The physical landscape is changing, too, with City activities expanding into Greater London, office towers rising in London's nearby Docklands section, and computerized trading floors appearing in almost every financial house in the United Kingdom. Awaiting the `big bang'

Mr. Raven serves as chairman of the International Markets Committee of the London Stock Exchange. His own company has been involved in a complex merger linking the merchant bank S. G. Warburg; the brokerages Rowe & Pitman, Mercury Securities, and Mullens; and stock jobber Akroyd & Smithers. All are now under the umbrella of Mercury International, a financial services conglomerate.

Raven is confident. ``We've done enough work to have control of the situation,'' he says. But neither he nor anyone else really knows what will happen next fall, when the much-discussed ``big bang'' occurs.

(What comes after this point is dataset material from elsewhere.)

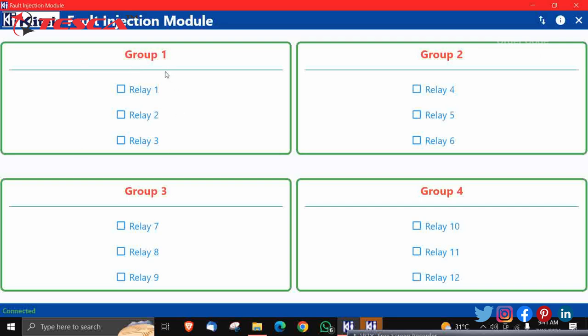Group 1 in which there is relay one, two, three. Then Group 2: relay four, five, six. Group 3: relay seven, eight, nine. And Group 4: relay ten, eleven, twelve. So accordingly, we are giving it the connections, and then we have to click on this for getting out the outputs.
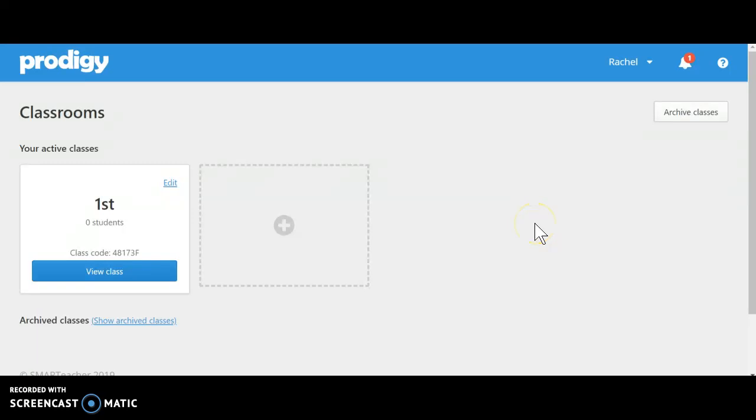Hi everyone, Rachel here. I would like to share with you my application presentation. For my presentation, I chose the app and website Prodigy.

On Oct. 27, new laws take effect ending minimum fixed commissions for stockbrokers and doing away with ``single capacity,'' that distinctly British separation of brokers, who deal with customers, and jobbers, who execute trades.

The old system guaranteed profitability for both businesses. But it also violated antitrust laws (``restrictive trade practices''). ``It was jolly difficult to defend some things'' the London Stock Exchange did to remain restricted, Raven concedes.

In mid-1983, the exchange and the Thatcher government agreed to revolutionary change. Next October the system switches to ``dual capacity,'' with no minimum commissions. Jobber-brokers will resemble floor brokers at exchanges in the United States. Competition for business will be intense.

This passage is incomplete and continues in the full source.